→ **DATA BELOW**

"""

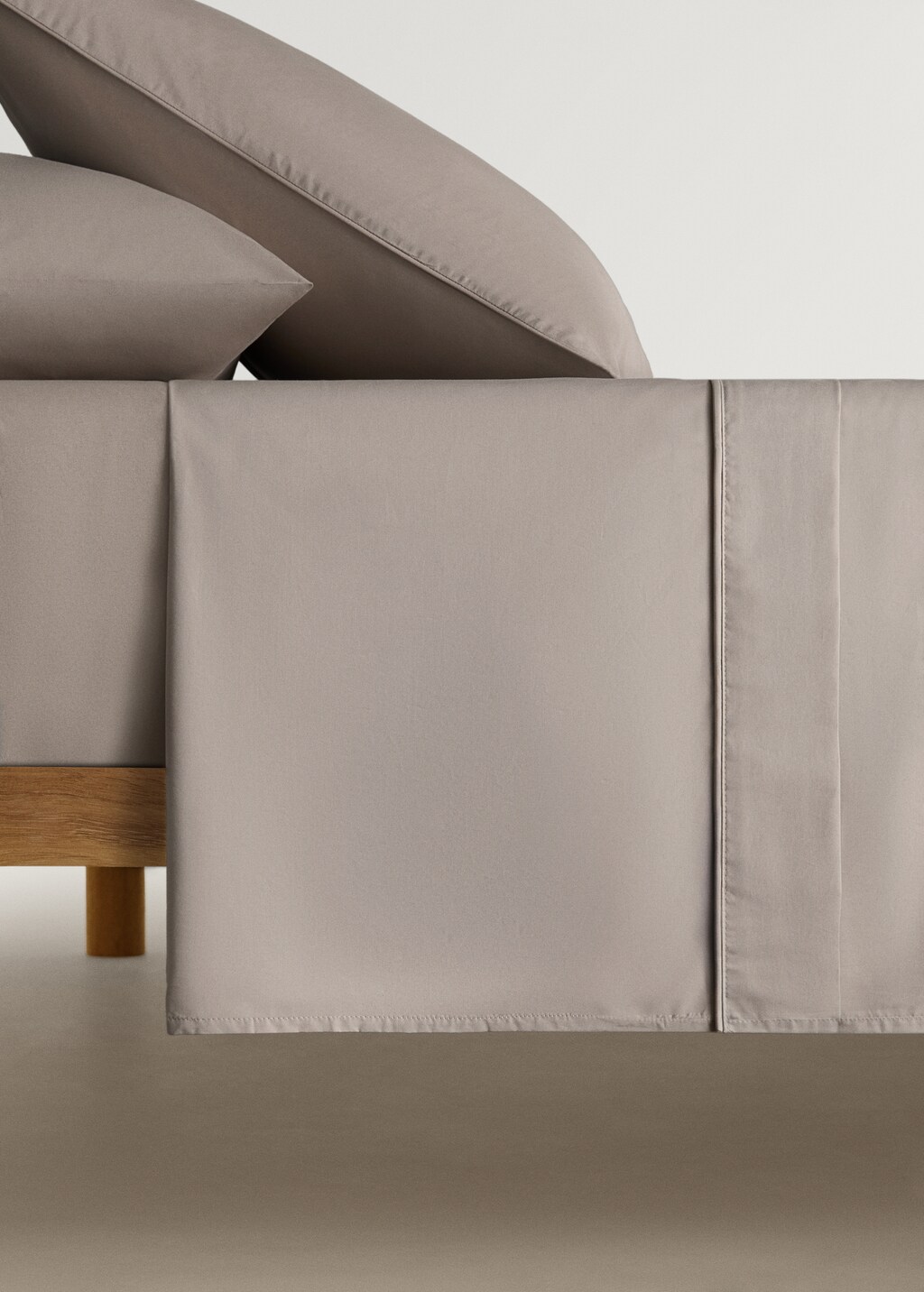 500-thread count cotton percale top sheet with rounded piping detail for 180/200cm bed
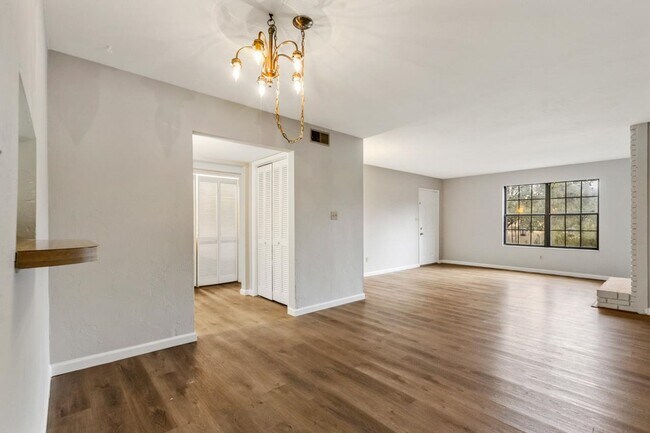 Photo - 1956 Nicklaus Dr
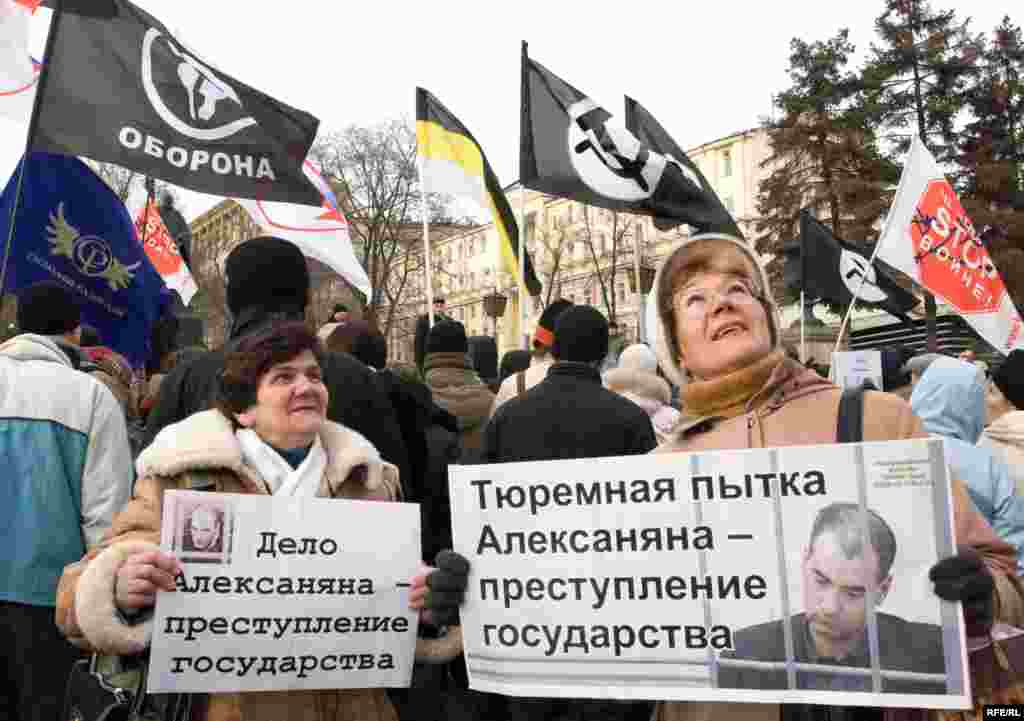 Флаги, плакаты, транспаранты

"""

→ **WHAT THIS TASK INVOLVES**
Each line of the data must be restated exactly, and the pictures must be left out.

→ **RESPONSE**
 500-thread count cotton percale top sheet with rounded piping detail for 180/200cm bed
 Photo - 1956 Nicklaus Dr
 Флаги, плакаты, транспаранты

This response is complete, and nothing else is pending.